25. I am of the view, that in the aforesaid circumstances, even though the
respondent also admits appellant to be in possession of the property from
26th October, 1995, albeit forcible, the appellant, once divested of possession
by the police on 9th November, 1995, could not at the time of filing of the
suit on 28th November, 1995 claim to be in possession of the property so as
to maintain a suit for mere injunction against dispossession. The possession
of the appellant in the face of stand aforesaid of the respondent, known to
the appellant before the institution of the suit, cannot be said to be visible
and evidenced by external signs or settled or undisputed or lawful or without
any cloud. The possession claimed by the appellant inspite of admission of
police having sealed the property, was de jure possession, akin to that of
vacant land and to establish which the appellant was required to establish his
title to the property and without a finding thereon, the issue of possession
could not be decided. The appellant thus, cannot be said to be in possession
of the property on the date of institution of the suit and the suit for injunction
was thus not maintainable. The appellant cannot be said to be a meddler,
vexatiously or wrongfully making a claim to the property.

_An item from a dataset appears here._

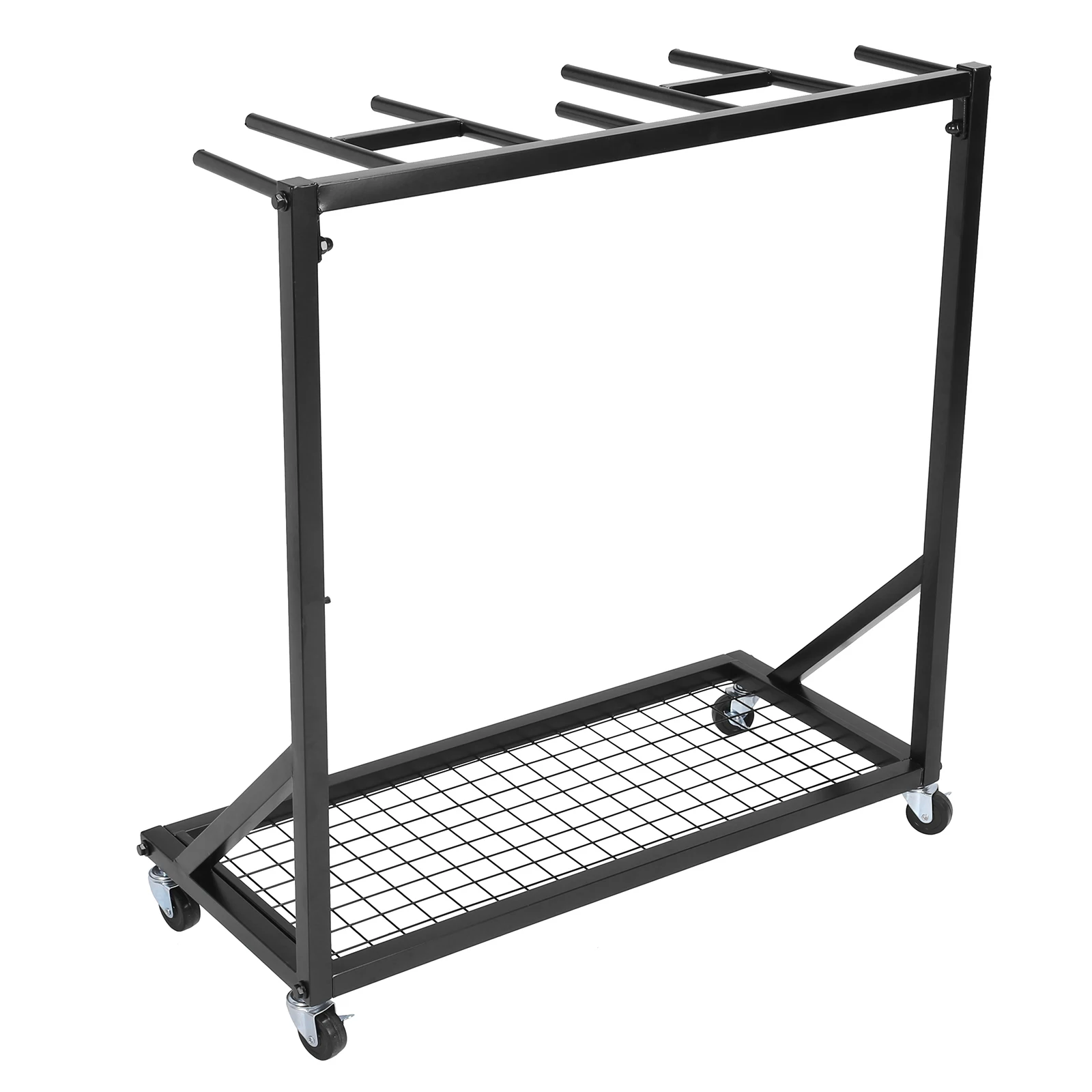 

Rolling Heavy Duty Tennis Balls Holder with Wheels Rolling Mobile Sports Equipment Cart for School/Gym/Training Ground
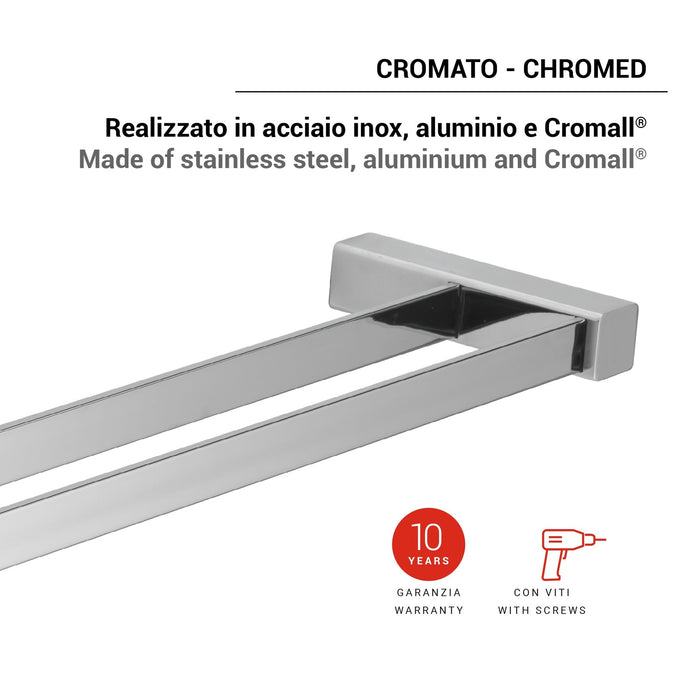 GEDY SG225513000 SPLUGA Toallero Doble Cromo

26. The Trial Court of course on the pleadings of the parties did frame
issue No.2 supra of the title claimed by the appellant and on which issue the
parties led evidence and the Trial Court has returned a finding of the
appellant having failed to prove his title as well, lest possession of the
property.
27. Before I proceed to deal with the evidence to gauge whether the
findings returned by the learned Addl. District Judge are on a proper
appreciation of the evidence recorded, it is deemed necessary to highlight
one other aspect. The title/right in immovable property claimed by the
appellant in the present case is not under a document of transfer by sale, gift
etc. of the property to him but on the basis of an Agreement to Sell coupled
with delivery of possession. I have wondered as to what is to be the remedy
of a agreement purchaser in possession of immovable property who, rightly
or wrongly, has not only been divested of possession albeit with the
assistance of the Police but the agreement in whose favour is also denied by
the seller. A mere agreement to sell does not create any rights in the
property. It only gives a right to enforce the same to acquire rights in the
property. Reference if any required, can be made to Suraj Lamp &
Industries Pvt. Ltd. Vs State of Haryana (2012) 1 SCC 656. When such
agreement to sell is accompanied with delivery of possession of the property
agreed to be sold, Section 53A of the Transfer of Property Act, 1882 debars
the seller from enforcing against the purchaser any right other than as
provided in the agreement to sell. However Section 53A has in Mohan Lal
Vs. Mirza Abdul Gaffar (1996) 1 SCC 639 been held to be only a shield and
not a sword. It is a right in favour of purchaser to defend his possession. It
was held in Bhulkoo Ghasalya Vs. Hiriyabai AIR 1949 Nagpur 410 that if a
purchaser is forcibly ejected by the seller, he can file a suit for recovery of
possession not pursuant to Section 53A but under Section 6 of the Specific
Relief Act. In my view the appropriate remedy of such an agreement
purchaser of immovable property is only to sue for specific performance of
the Agreement of Sale in his favour and for recovery of possession. The
remedy of such an agreement purchaser divested of possession can by no
stretch of imagination be of permanent injunction only.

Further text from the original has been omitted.